|Photo: Grav Welton|
Monday, October 22
Review: Yonder Mountain String Band’s Harvest Music Festival - Oct 11th-13th, 2012 - Mulberry Mountain in Ozark, Arkansas
Harvest Festival is Yonder Mountain’s annual music celebration held every Fall in the aesthetic confines of Mulberry Mountain. It always bolsters an engrossing line-up and this year was no exception. Past festivals have delivered the perfect ambiance to soak up the extraordinary sounds reigning from all directions. This year, although suffering from a few hiccups, still rendered a tremendous experience. The biggest problem, ironically being Mother Nature herself who usually paints this event in the best light, instead reared her frightful side in the form of severe thunderstorms. A massive front moved in Saturday night and cancelled Y.M.S.B.’s 1500th show just four songs in, which essentially ended the festivities. This year’s vibe also at times resembled a county fair more than the musical paradise of years past.
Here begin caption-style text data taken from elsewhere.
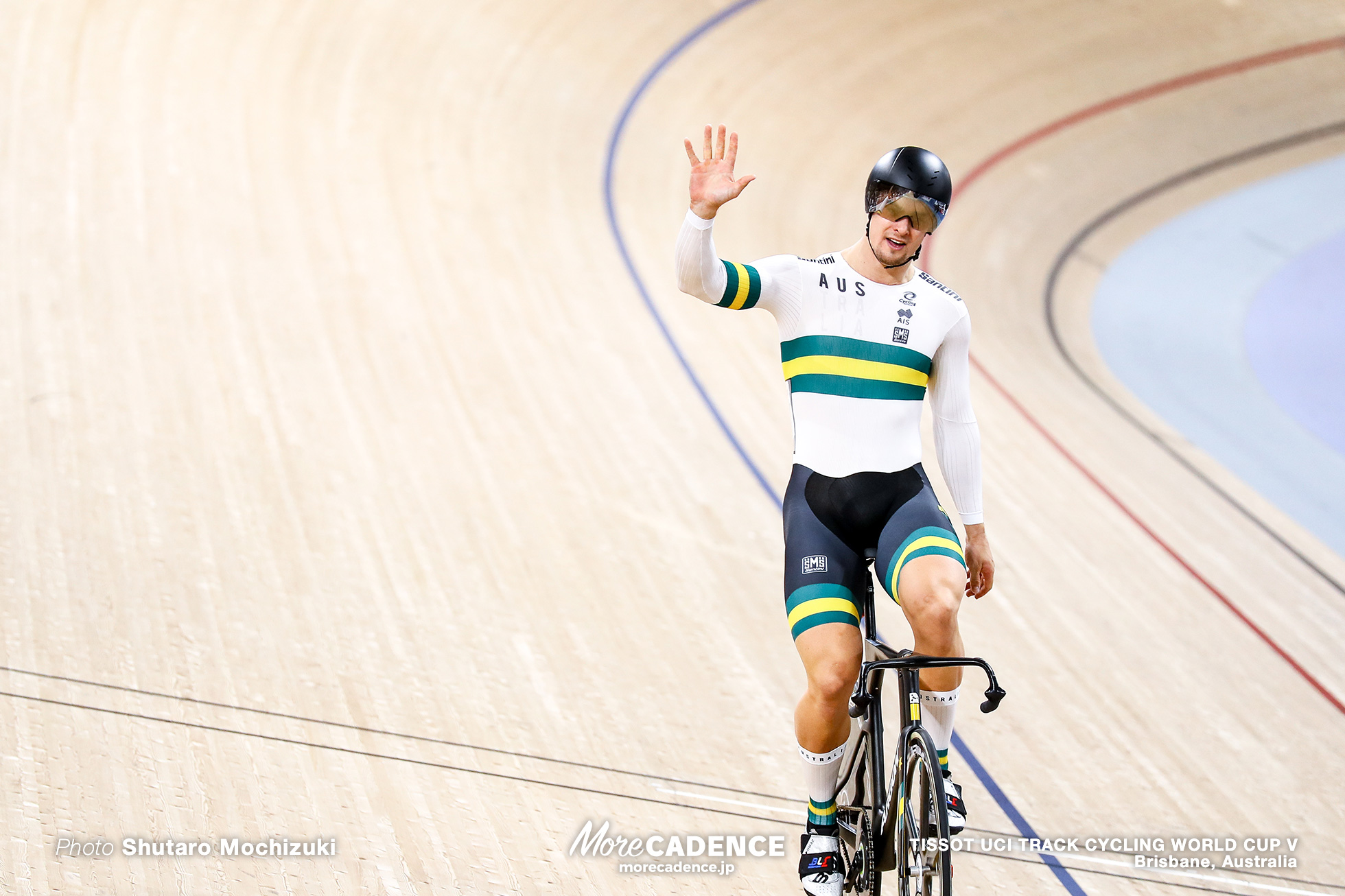 Final / Men's Sprint / TISSOT UCI TRACK CYCLING WORLD CUP V, Brisbane, Australia, Matthew GLAETZER マシュー・グレーツァー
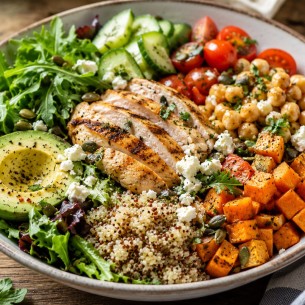 Savršena salata za mršavljenje i energiju: Ovu formulu vrijedi zapamtiti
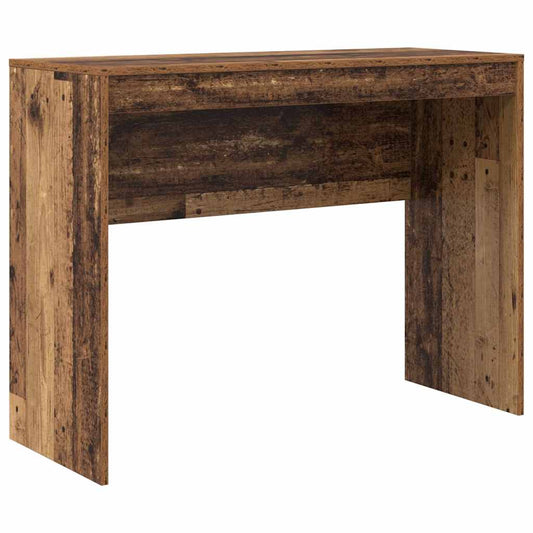 Schreibtisch Altholz 100 x 40 x 76 cm Holzwerkstoff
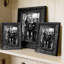 Cadre photo 3 pièces 11 "x 14" noir Clean Line pour bureau-133866150-133866145-133866147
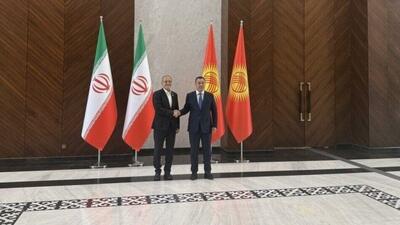 روسای جمهوری ایران و قرقیزستان دیدار کردند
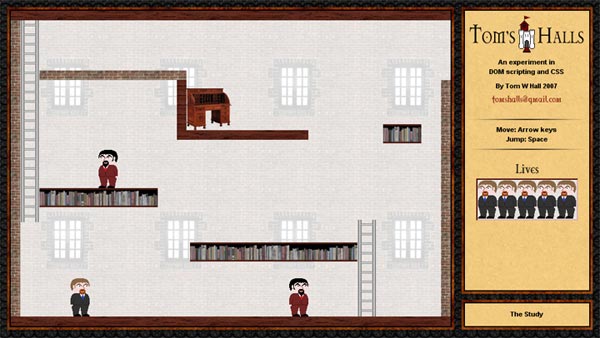 Screenshot - TomsHallsGame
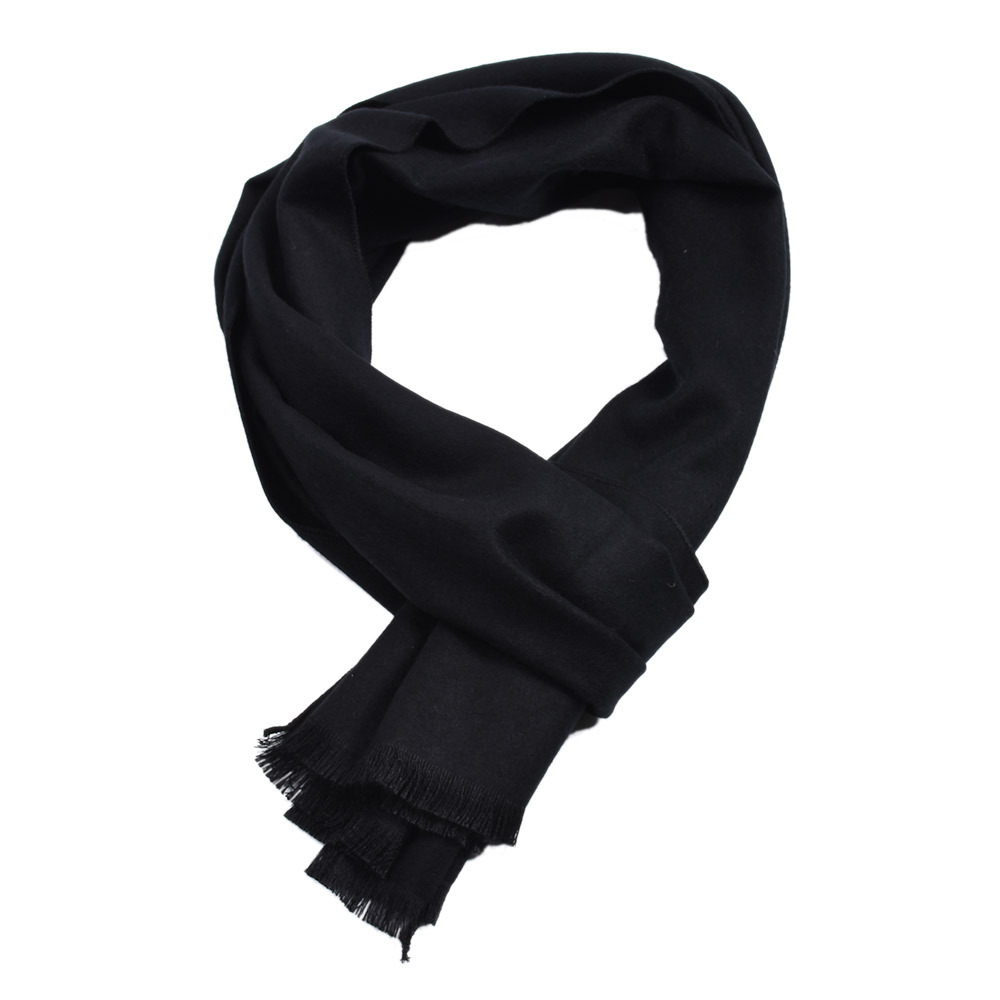솔리드 컬러 캐시미어 스카프 겨울 따뜻한 Neckerc - Muffler Men Wool 리뷰 및 가격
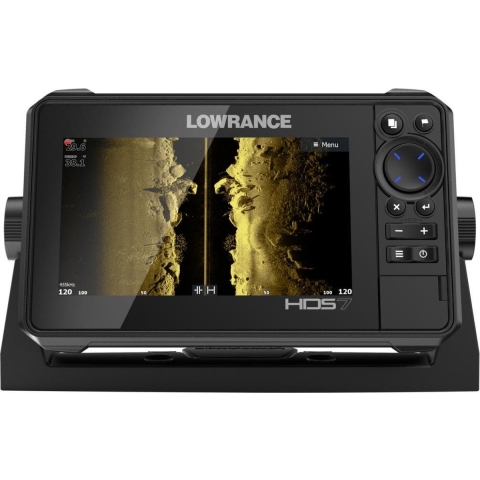 Lowrance HDS Live 7 kaartplotter/fishfinder met Active Imaging 3-in-1 transducer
Despite these observations, it was still a remarkable weekend on the mountain with sublime music.
Every day’s schedule was packed full of talent on all four stages. One could literally wonder around with no certain destination and phenomenal music awaited at every turn. Thursday was no different, as each unique stage hosted an array of gifted acts. The first day got serious with Dumpstaphunk’s inspiring set on the main stage. The New Orleans funk was a nice change of pace from all the insane picking that took place all afternoon. The show had the masses dancing while the sun took shelter behind the awe-inspiring mountains. Ivan Neville and company also delivered a festival highlight in the form of their brilliant cover of David Bowie’s, “Fame”. The Punch Brothers followed and displayed their progressive bluegrass to the delight of many. Rushing over to squeeze in some of the iconic, Larry Keel, was well worth the sprint, as his mesmerizing fingers did not disappoint. Soon, it was time for the masters’ of the ceremonies nightly headline show and the majority of fans gathered around the main stage. The hosts did not disappoint on the inaugural night, offering a two-hour set full of vigor. Darol Anger joined the band for the entirety of both performances on the fiddle, while other coveted musicians sat in often. Jeff Austen returned this gesture and then some, as he sat in seemingly with every act over the weekend. It would in fact be news if he did not sit in with a band, as his welcomed chops made appearances frequently. If he wasn't so talented, it would have been comical. He even took part in the surprise of the day, which transpired in the form of Matt Butler’s Everyone Orchestra. The genius conductor took a stage full of bluegrass artists and produced a psychedelic roller-coaster He easily turned in the most impressive performance of the day with the help of a stage full of musicians that transformed his spontaneous suggestions into pure bliss with no genre left unexplored. It was an ideal way to end the first helping of music. Most called it a night, while others skipped on to the next stage, as the music would beckon the sun, this and the night after.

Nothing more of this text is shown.